-------- Records shown

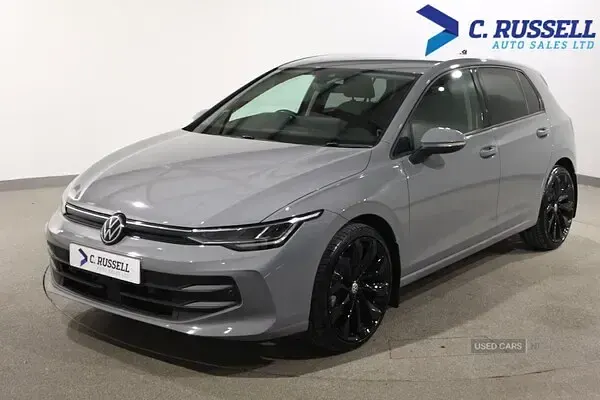 Used VW Golf VIII Match 2024 Grey Hatchback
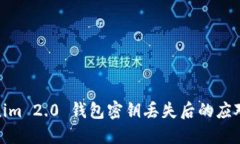 Tokenim 2.0 钱包密钥丢失后的应对策略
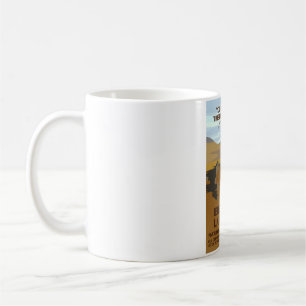 You Never Knew this Place Existed! - Bering Land B Coffee Mug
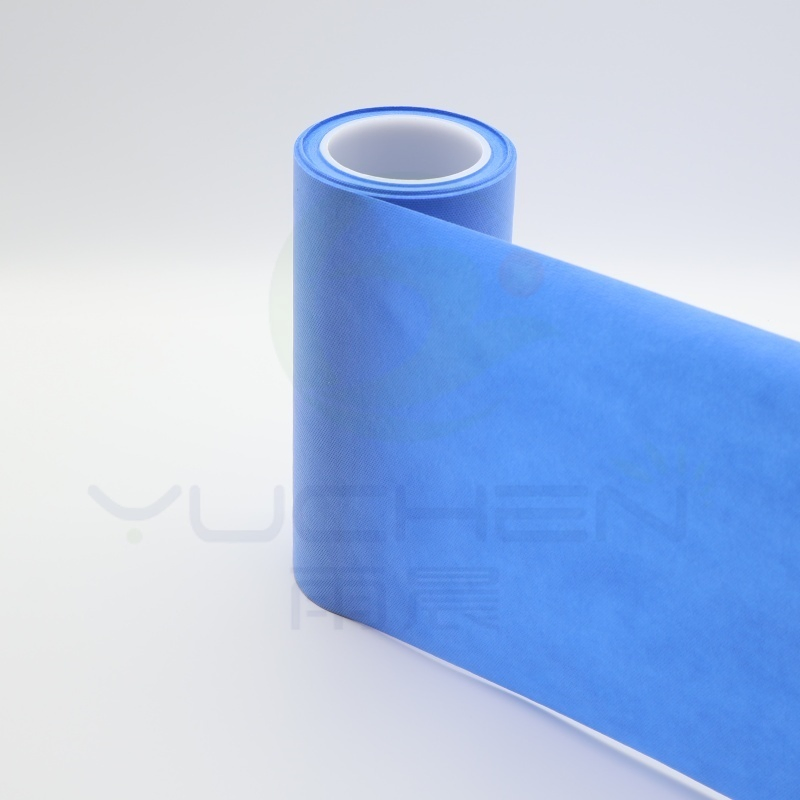 Hydrophilic PP Nonwoven Coated PE Film Barrier Layer Fluid-Management Surgical Drape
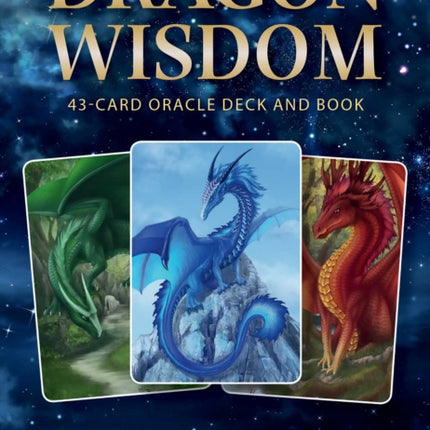 Dragon Wisdom: 43-Card Oracle Deck and Book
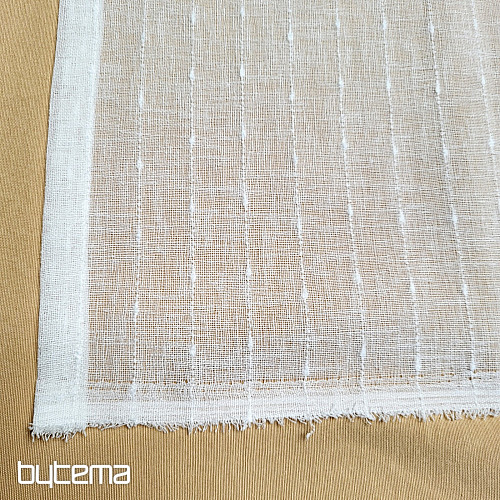 Rideau/rideau fini DAME BLANCHE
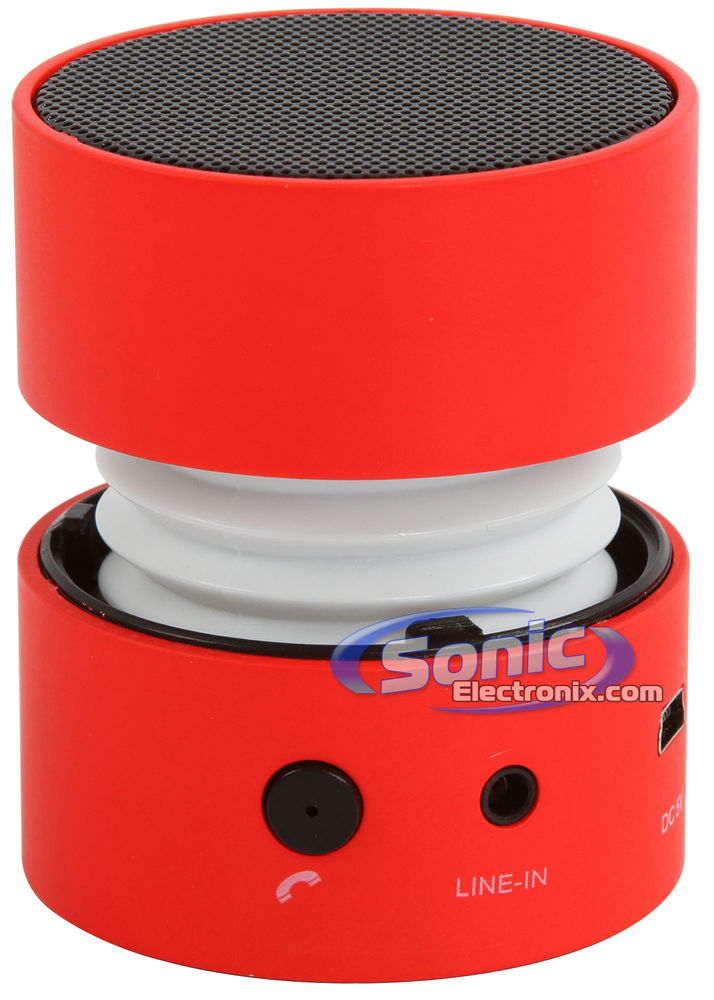 iSound 5318 Fire Waves (Red) Image 2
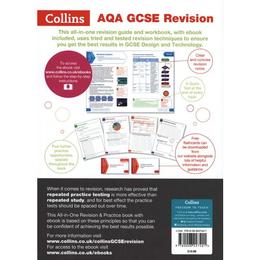 AQA GCSE Design & Technology All-in-One Revision and Practic, editura Collins Educational Core List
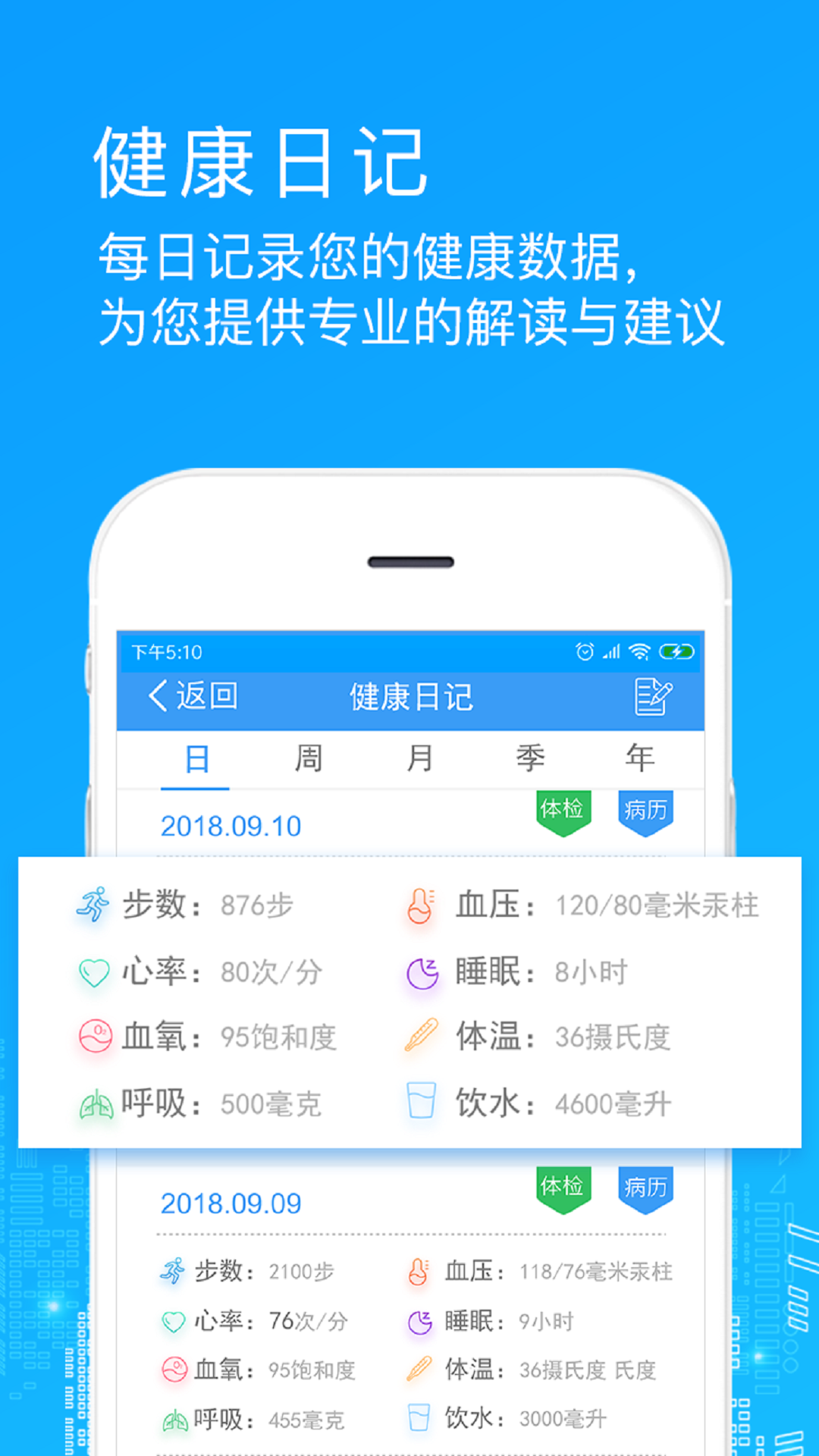 医链健康v1.1.1截图2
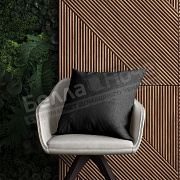 ВН Наволочка декор рогожка пэ ДТ172 40*40 Графит 31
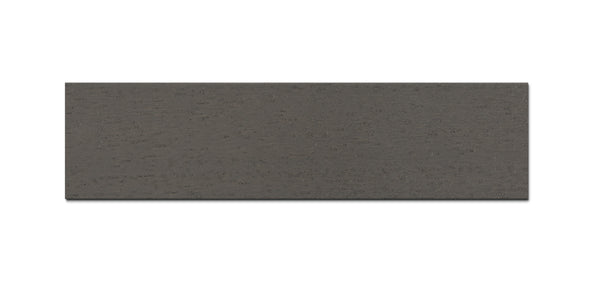 Jaluzea de lemn NATURAL 50 mm — Gri cu fibră vizibilă (06NM)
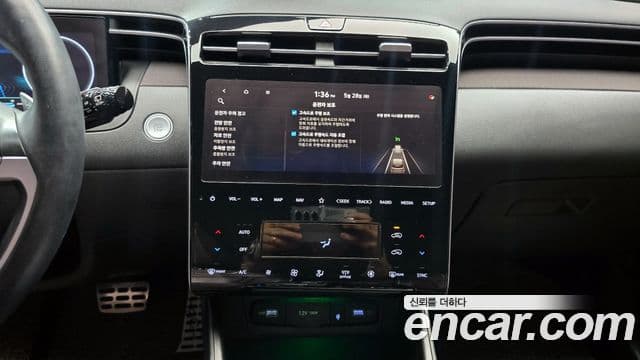Hyundai The New Tucson 2022 — Şəkil 14/20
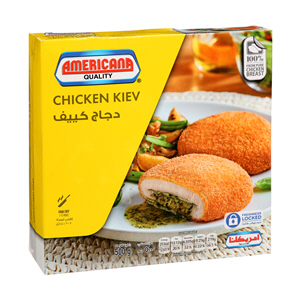 Americana Chicken Kiev With Garlic And Butter 500 g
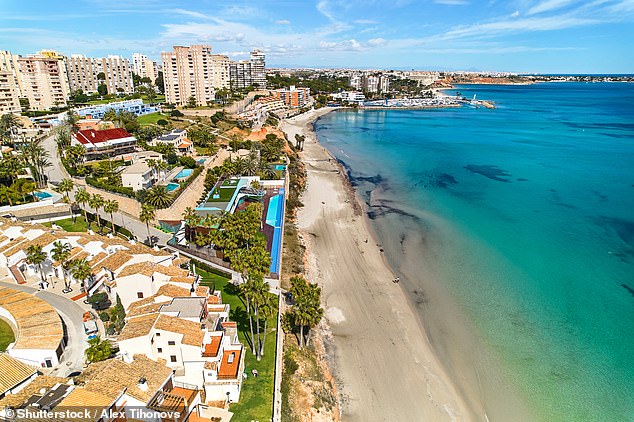 Demand for Spanish holiday homes from British buyers booms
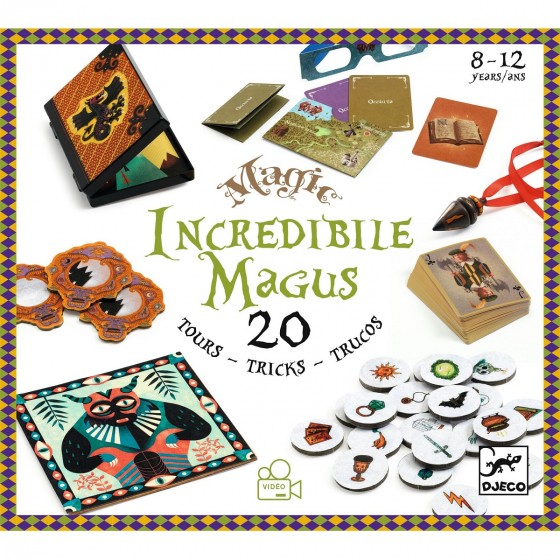 Magie - Incredibile Magus Magie - Incredibile Magus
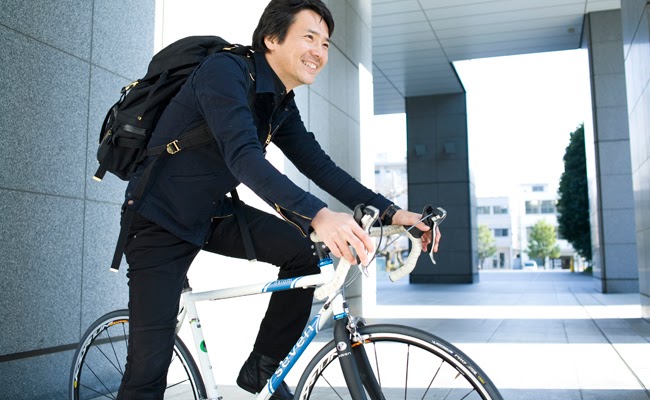 自転車 バランス コツ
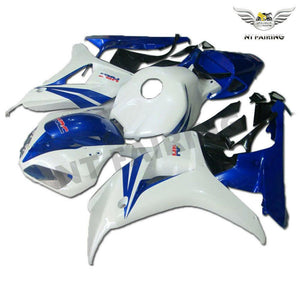 NT Europe Injection White Blue ABS Kit Fairing Fit for Honda Fireblade 2006 2007 CBR1000RR CBR 1000 RR u013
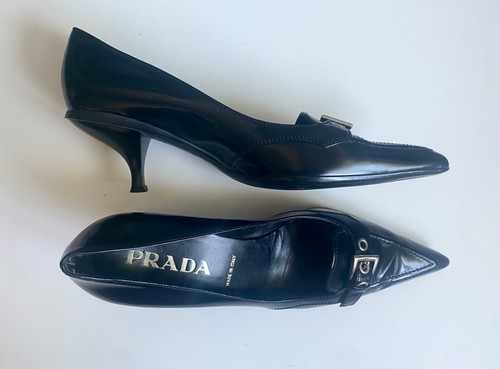 Prada vintage pumps archivio - vintage,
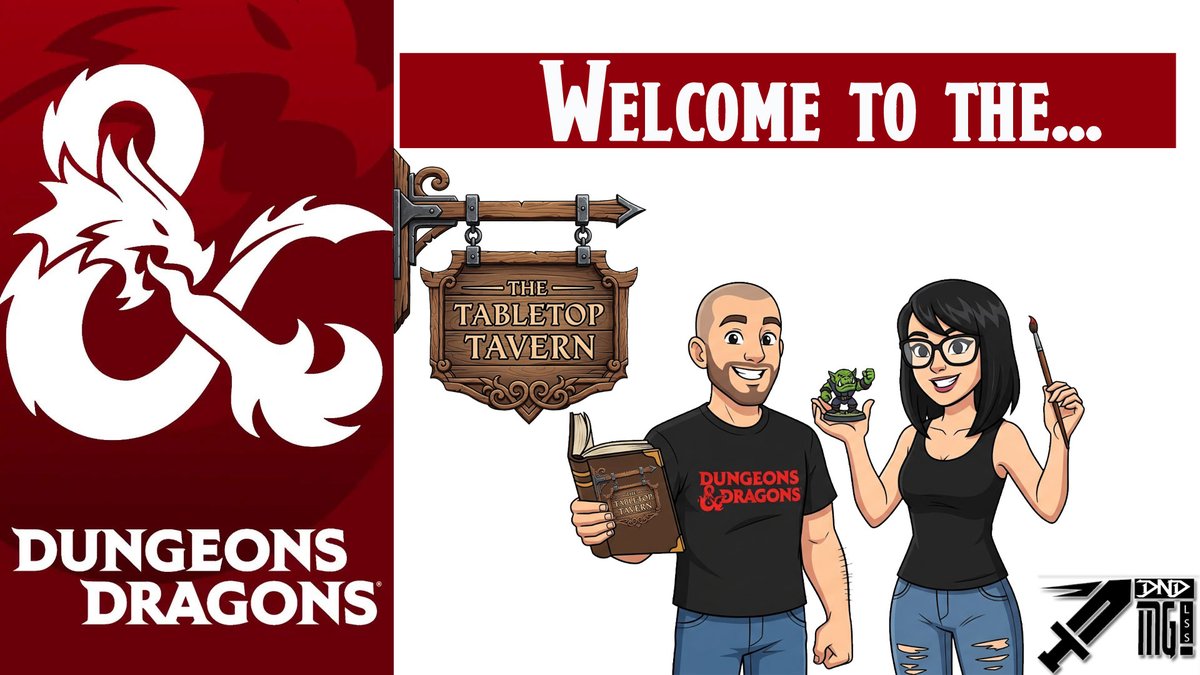 Welcome to the Tabletop Tavern! A new adventure for all my subscribers! youtu.be/yDVyjWoEssI?si… <a href="/Wizards_DnD/">Dungeons & Dragons</a>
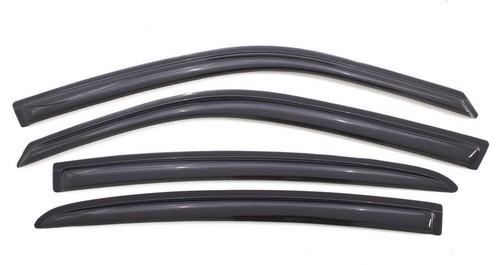 Ventshade 94311, Kit Smoke Plastic Window Ventvisor 4Pc. Performance Racing Part - Picture 3 of 10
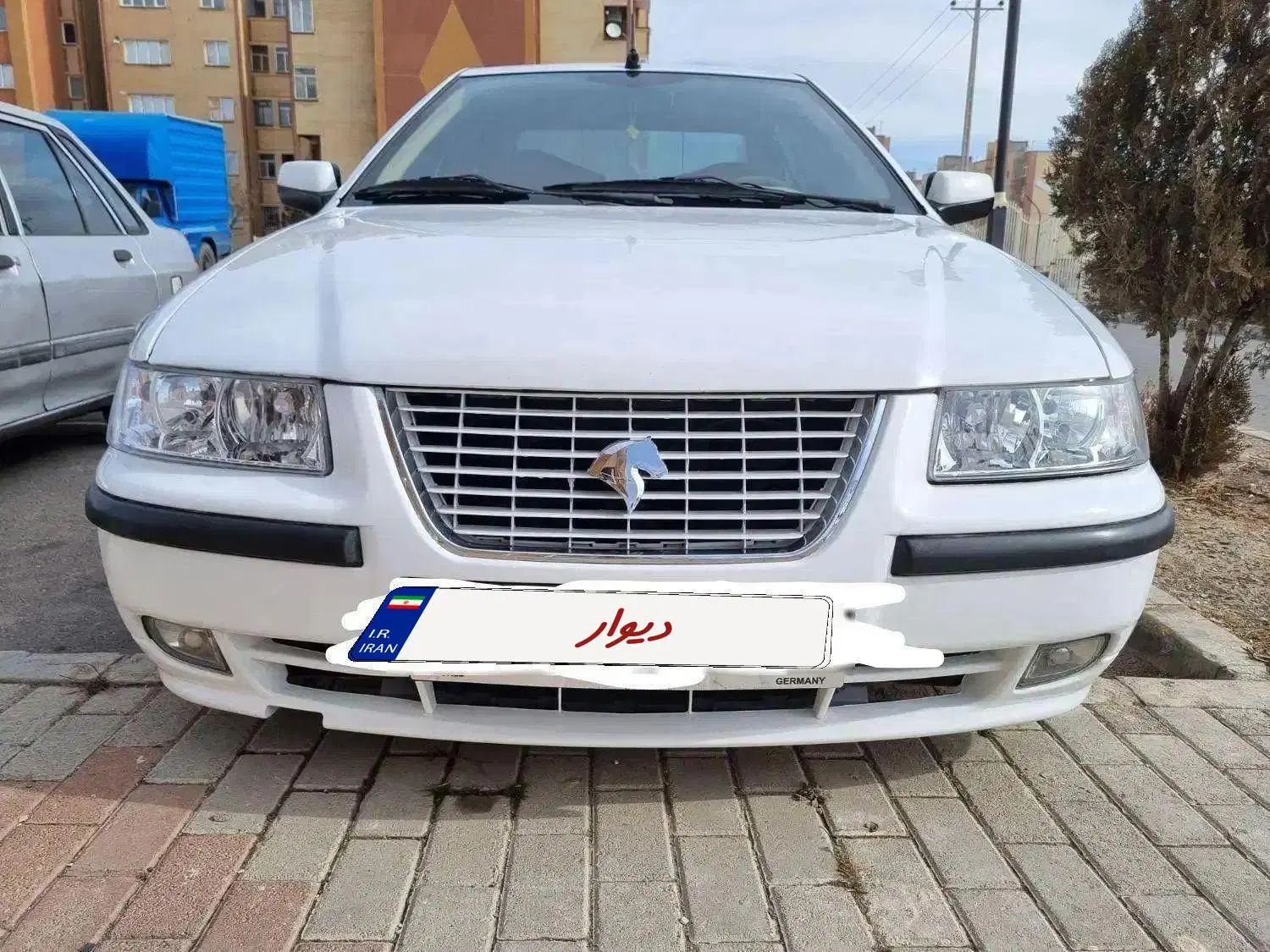 سمند LX EF7 دوگانه سوز - 1390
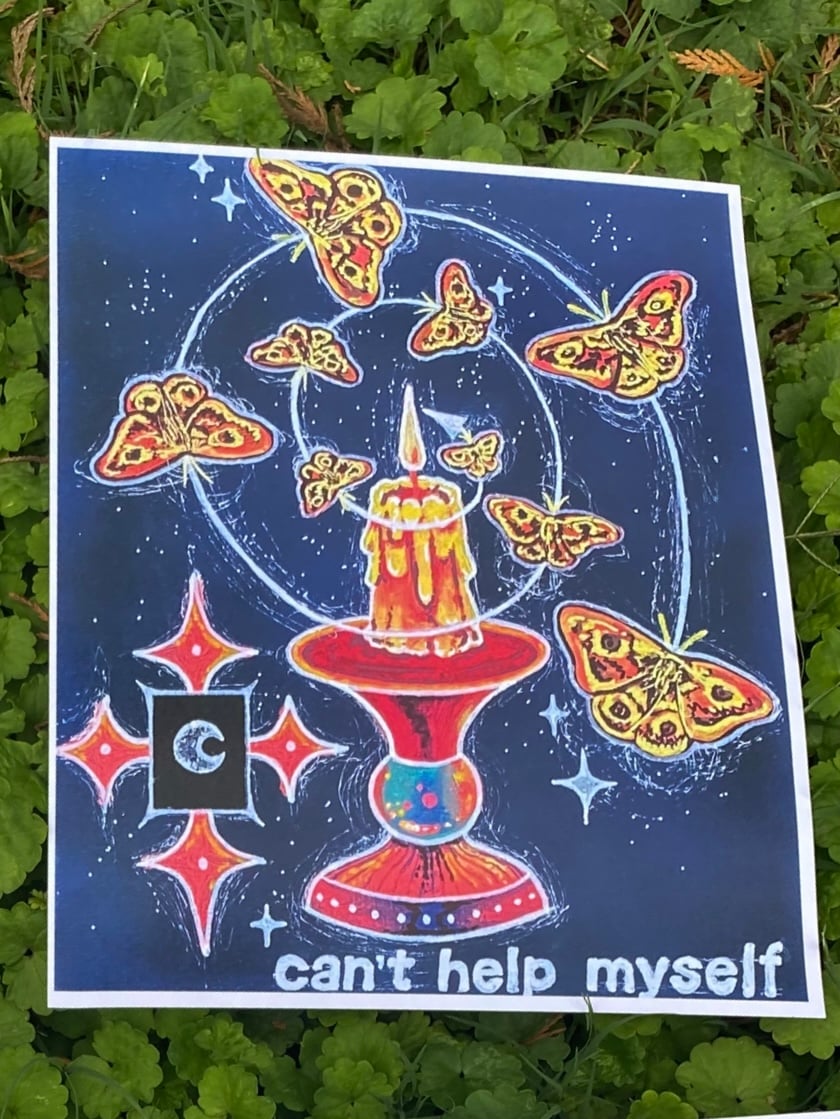 Image of Can’t Help Myself Print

----------------

*Task brief*. Nothing but the lines from the one containing "سمند LX EF7 دوگانه سوز - 1390" through the final line of the records, both included and copied exactly, should appear in the answer; pictures stay out.

*Written response*.
 سمند LX EF7 دوگانه سوز - 1390
 Image of Can’t Help Myself Print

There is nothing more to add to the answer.